Brief descriptive captions:
%%

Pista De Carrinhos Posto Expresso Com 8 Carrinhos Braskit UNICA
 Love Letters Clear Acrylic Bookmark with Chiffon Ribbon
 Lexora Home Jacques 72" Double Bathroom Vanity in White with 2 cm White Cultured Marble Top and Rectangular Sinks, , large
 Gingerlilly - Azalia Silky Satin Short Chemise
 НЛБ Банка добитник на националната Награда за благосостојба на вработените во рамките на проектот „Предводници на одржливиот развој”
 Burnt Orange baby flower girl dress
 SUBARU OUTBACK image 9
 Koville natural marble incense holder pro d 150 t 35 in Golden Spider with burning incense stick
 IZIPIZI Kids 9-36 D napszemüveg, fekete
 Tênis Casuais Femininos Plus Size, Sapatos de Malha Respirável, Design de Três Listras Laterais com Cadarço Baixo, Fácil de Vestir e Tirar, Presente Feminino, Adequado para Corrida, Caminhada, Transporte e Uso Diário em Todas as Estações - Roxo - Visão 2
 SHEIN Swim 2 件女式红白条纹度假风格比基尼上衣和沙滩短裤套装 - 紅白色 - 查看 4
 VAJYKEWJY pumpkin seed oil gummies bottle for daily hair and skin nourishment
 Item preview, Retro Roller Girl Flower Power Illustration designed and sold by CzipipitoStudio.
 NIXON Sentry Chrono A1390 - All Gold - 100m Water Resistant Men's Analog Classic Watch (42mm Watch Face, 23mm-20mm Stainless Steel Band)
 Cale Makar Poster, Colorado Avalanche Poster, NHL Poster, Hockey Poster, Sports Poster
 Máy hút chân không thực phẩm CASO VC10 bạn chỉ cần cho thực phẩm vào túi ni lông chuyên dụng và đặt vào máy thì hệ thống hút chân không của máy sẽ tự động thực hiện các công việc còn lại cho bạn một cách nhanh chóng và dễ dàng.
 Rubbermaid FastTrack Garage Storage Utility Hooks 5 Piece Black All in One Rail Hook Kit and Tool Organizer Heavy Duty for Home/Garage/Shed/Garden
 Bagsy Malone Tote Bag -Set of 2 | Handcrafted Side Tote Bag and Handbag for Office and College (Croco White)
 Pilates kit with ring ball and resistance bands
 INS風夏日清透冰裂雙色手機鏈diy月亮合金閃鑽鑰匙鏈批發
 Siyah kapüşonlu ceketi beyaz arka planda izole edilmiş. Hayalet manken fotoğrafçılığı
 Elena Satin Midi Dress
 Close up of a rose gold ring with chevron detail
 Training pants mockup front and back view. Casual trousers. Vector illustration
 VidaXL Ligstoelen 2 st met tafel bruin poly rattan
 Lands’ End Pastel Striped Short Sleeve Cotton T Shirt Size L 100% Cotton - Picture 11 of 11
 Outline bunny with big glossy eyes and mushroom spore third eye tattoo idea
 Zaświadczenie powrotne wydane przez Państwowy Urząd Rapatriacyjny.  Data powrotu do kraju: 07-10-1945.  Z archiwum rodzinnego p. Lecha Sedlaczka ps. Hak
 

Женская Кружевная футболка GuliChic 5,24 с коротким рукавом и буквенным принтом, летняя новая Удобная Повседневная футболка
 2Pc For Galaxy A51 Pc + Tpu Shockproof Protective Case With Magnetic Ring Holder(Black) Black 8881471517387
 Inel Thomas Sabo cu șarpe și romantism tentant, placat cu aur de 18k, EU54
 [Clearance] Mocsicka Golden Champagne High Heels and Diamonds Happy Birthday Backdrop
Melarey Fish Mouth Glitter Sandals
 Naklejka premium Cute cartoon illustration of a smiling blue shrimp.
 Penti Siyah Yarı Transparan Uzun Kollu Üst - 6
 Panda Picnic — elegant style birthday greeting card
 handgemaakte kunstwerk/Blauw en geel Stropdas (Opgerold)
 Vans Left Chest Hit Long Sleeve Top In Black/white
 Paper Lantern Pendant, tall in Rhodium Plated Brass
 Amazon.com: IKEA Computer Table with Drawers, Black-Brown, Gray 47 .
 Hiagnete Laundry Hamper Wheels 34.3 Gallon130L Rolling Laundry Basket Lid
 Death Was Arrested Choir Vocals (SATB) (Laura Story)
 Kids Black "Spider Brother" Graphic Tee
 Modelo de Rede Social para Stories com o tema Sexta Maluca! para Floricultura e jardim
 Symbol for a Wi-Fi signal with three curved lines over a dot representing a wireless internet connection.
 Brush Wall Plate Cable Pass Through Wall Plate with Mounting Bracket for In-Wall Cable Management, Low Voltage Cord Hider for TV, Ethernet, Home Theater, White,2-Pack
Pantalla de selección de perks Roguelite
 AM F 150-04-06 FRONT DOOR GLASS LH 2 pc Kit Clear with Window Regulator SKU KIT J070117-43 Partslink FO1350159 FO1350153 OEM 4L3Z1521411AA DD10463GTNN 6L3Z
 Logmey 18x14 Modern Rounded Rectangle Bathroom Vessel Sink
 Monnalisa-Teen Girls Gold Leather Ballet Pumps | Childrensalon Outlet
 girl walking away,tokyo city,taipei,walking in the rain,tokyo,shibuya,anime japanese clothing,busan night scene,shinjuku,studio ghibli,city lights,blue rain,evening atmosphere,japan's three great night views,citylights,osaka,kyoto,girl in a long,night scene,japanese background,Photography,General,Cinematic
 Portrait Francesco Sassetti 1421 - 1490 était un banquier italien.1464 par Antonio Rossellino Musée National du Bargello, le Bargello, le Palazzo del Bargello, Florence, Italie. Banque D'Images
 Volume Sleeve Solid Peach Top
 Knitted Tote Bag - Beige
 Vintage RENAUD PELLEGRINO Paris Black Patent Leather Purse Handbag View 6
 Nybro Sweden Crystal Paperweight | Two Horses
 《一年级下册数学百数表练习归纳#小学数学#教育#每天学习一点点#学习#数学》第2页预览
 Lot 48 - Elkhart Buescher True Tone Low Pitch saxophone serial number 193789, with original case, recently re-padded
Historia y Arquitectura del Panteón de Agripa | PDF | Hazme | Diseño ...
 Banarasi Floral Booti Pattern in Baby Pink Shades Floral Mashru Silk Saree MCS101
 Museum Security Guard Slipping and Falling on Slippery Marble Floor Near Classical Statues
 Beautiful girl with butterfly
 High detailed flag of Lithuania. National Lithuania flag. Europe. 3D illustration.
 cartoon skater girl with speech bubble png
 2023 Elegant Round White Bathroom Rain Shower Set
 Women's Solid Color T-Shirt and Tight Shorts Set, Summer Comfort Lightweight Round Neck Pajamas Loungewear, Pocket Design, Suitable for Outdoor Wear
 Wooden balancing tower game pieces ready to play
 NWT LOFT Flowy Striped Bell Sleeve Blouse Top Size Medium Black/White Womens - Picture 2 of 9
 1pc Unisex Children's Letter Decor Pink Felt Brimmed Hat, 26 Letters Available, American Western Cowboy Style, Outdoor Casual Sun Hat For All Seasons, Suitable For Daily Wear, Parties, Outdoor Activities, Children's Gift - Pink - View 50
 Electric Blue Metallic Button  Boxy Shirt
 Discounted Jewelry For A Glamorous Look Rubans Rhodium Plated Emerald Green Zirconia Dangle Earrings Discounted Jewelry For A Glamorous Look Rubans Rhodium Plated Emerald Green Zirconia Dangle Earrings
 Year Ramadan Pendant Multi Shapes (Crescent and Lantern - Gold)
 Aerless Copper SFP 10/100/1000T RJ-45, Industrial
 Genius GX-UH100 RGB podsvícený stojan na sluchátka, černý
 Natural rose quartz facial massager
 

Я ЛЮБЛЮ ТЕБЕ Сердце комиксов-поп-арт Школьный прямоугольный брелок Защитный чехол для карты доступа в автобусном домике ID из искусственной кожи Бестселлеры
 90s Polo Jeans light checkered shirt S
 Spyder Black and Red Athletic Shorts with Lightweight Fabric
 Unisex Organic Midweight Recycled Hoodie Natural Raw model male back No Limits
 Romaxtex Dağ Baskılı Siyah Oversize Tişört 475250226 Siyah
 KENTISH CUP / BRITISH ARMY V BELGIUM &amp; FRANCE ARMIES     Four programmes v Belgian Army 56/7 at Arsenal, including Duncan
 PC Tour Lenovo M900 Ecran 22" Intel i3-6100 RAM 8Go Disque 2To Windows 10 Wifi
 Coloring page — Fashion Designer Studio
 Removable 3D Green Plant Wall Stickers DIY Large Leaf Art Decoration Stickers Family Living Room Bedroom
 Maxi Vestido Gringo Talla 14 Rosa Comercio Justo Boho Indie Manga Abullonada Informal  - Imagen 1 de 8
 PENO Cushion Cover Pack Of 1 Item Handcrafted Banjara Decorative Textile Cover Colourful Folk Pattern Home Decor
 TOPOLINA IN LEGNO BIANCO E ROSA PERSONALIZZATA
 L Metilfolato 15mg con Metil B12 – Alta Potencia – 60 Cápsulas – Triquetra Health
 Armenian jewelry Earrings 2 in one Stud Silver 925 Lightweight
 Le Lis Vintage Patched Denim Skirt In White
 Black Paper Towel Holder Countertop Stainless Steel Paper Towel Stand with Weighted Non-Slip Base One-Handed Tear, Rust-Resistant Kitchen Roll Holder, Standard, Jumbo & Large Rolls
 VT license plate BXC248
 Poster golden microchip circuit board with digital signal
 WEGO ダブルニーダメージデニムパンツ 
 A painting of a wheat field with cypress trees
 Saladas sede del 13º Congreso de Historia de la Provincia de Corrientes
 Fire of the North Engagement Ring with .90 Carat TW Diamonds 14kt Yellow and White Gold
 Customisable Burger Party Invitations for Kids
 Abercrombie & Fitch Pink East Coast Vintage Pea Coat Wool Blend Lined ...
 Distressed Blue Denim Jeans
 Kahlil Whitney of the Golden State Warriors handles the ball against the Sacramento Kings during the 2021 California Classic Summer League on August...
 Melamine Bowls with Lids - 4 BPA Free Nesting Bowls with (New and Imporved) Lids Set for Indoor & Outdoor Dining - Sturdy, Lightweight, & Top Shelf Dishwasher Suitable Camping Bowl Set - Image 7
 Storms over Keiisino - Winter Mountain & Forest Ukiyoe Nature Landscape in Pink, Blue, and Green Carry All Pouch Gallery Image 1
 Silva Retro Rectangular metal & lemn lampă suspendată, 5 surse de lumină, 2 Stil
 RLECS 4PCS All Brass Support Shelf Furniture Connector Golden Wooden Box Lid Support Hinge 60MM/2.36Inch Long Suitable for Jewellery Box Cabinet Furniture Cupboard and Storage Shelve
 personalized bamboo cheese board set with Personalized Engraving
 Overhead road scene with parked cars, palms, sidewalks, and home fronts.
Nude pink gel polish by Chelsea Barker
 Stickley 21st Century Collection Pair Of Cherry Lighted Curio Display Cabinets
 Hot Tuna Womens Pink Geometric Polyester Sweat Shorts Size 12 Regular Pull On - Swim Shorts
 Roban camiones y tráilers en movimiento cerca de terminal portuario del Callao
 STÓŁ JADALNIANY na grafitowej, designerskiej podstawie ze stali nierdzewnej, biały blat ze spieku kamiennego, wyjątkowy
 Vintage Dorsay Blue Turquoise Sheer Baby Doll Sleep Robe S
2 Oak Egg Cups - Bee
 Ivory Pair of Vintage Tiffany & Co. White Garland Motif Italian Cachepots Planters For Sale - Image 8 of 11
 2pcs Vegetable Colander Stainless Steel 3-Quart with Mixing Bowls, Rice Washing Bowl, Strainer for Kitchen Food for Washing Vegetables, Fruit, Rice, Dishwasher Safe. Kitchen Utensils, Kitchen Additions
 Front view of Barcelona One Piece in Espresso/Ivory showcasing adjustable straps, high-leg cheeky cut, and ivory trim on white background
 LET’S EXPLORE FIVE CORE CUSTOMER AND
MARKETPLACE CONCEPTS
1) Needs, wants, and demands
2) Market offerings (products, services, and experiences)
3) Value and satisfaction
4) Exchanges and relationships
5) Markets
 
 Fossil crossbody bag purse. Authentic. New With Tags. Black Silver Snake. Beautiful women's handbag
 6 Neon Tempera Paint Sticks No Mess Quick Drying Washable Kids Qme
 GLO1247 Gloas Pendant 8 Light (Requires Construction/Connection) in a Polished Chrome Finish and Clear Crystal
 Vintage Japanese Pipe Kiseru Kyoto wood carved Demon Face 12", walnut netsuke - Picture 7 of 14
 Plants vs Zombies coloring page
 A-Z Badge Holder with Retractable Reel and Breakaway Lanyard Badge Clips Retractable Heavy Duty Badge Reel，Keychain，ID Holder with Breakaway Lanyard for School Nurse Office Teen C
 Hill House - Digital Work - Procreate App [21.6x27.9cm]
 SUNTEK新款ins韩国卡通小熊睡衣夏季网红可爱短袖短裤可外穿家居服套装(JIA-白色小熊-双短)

%%

**TASK:** From the data above, return every line from the line that has "2) Market offerings" up to and including the line that has "Plants vs Zombies coloring page", exactly.

**SOLVED PROBLEM:**
2) Market offerings (products, services, and experiences)
3) Value and satisfaction
4) Exchanges and relationships
5) Markets
 
 Fossil crossbody bag purse. Authentic. New With Tags. Black Silver Snake. Beautiful women's handbag
 6 Neon Tempera Paint Sticks No Mess Quick Drying Washable Kids Qme
 GLO1247 Gloas Pendant 8 Light (Requires Construction/Connection) in a Polished Chrome Finish and Clear Crystal
 Vintage Japanese Pipe Kiseru Kyoto wood carved Demon Face 12", walnut netsuke - Picture 7 of 14
 Plants vs Zombies coloring page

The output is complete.